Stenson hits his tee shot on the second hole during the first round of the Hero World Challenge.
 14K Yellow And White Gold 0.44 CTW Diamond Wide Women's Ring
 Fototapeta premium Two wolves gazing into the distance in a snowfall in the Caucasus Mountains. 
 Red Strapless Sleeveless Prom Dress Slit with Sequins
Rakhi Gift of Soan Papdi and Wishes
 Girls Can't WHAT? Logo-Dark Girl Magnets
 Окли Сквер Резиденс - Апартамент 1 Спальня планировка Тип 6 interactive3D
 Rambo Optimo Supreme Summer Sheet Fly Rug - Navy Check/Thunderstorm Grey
...
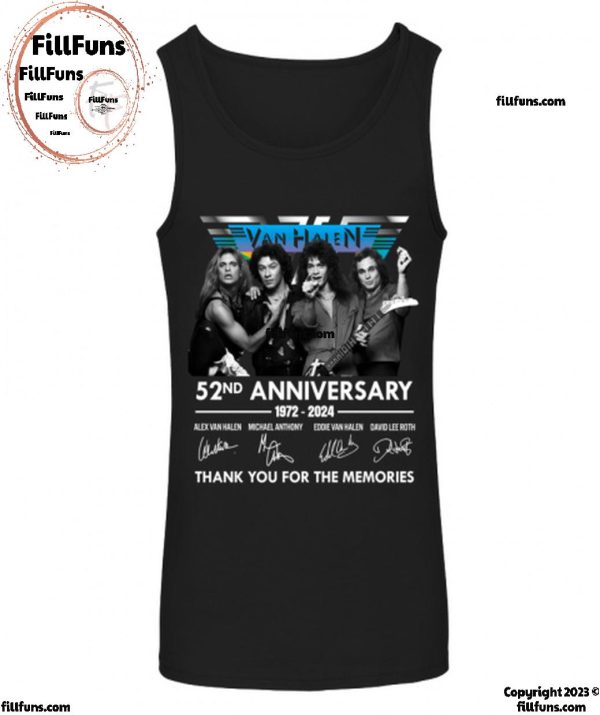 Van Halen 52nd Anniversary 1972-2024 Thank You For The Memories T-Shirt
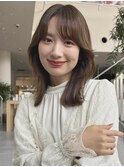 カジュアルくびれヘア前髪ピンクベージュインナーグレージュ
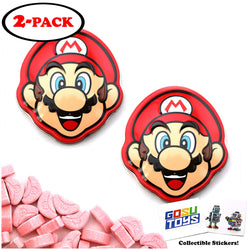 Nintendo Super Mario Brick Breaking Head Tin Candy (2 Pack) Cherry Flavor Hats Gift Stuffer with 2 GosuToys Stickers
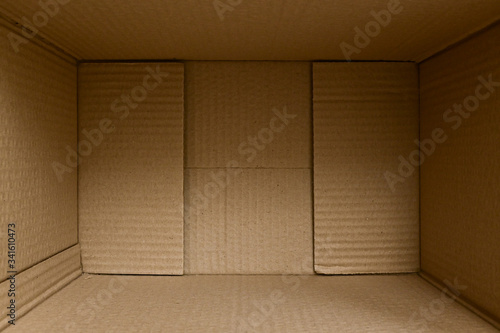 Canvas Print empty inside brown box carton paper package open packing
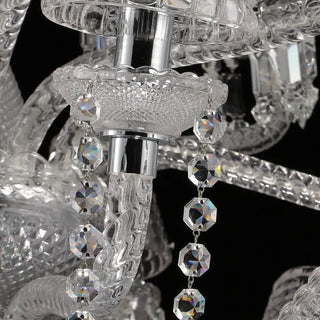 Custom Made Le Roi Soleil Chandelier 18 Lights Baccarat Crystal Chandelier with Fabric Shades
---
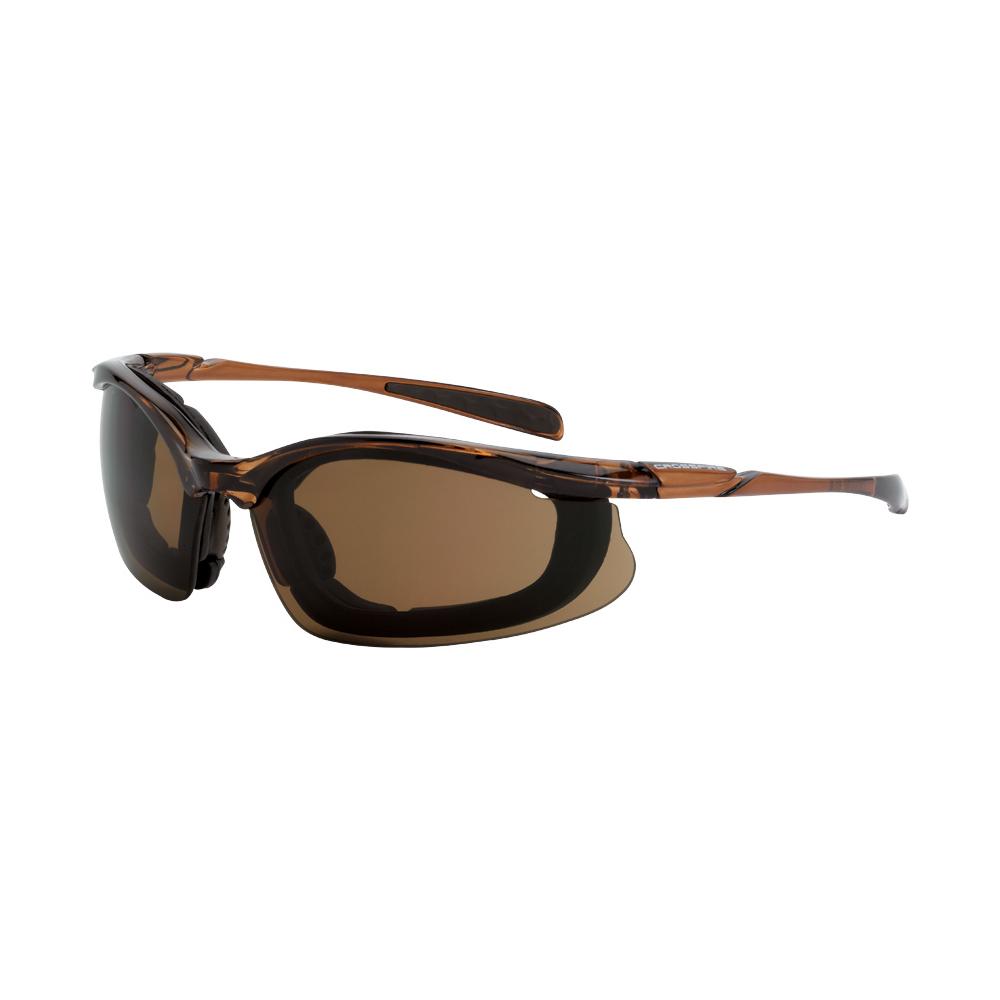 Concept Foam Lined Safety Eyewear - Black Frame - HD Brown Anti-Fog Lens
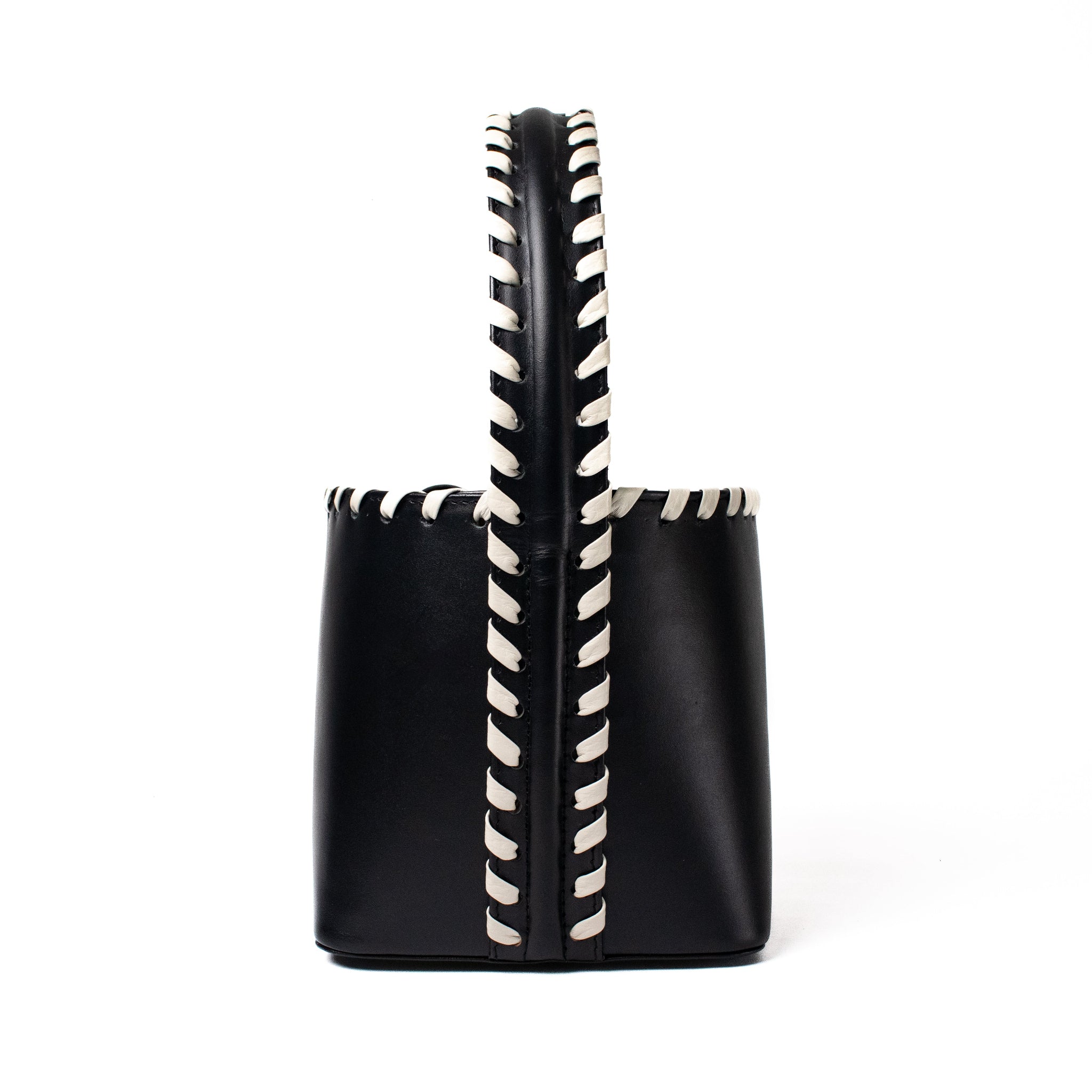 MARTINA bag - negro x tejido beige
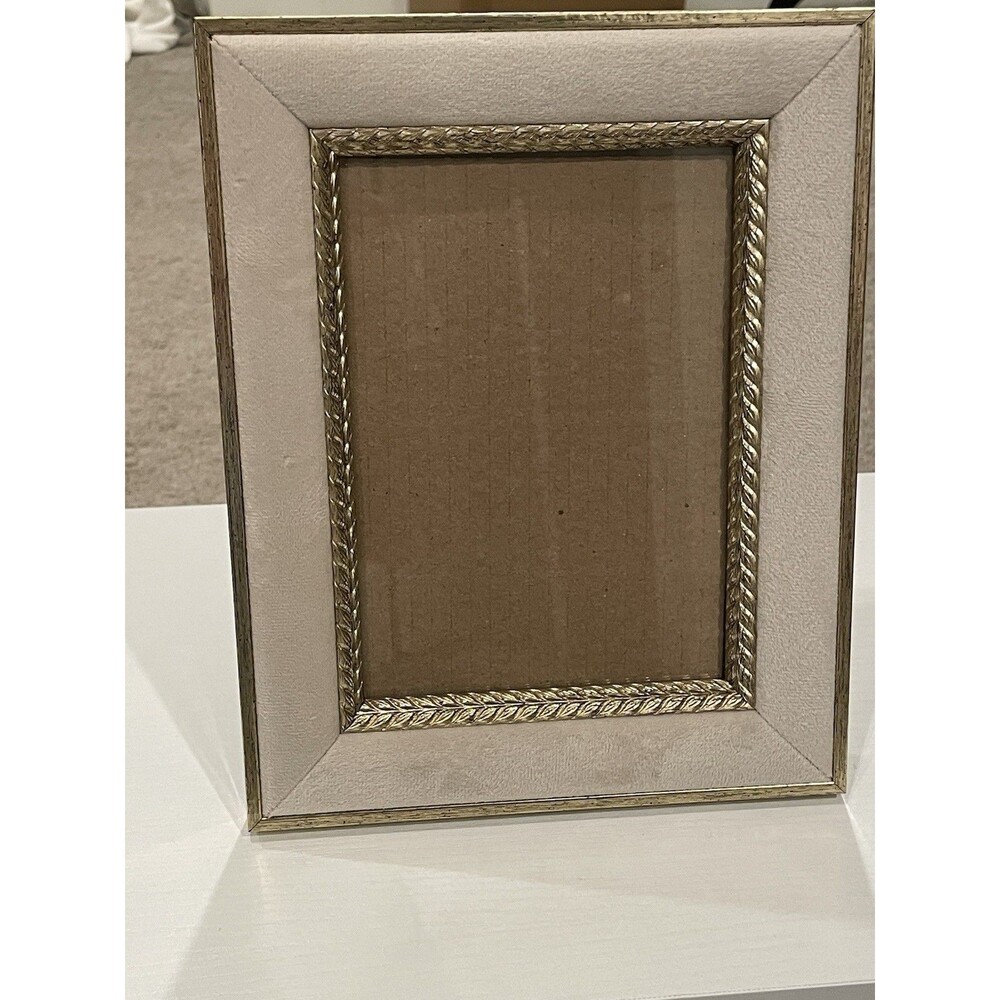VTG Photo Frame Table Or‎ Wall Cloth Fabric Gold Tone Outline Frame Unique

EXERCISE OBJECTIVE: Within the material above, extract exactly the lines that start at the line containing "Окли Сквер Резиденс" and stop after the line containing "Rambo Optimo Supreme", and only those.

ANSWER BOX:
 Окли Сквер Резиденс - Апартамент 1 Спальня планировка Тип 6 interactive3D
 Rambo Optimo Supreme Summer Sheet Fly Rug - Navy Check/Thunderstorm Grey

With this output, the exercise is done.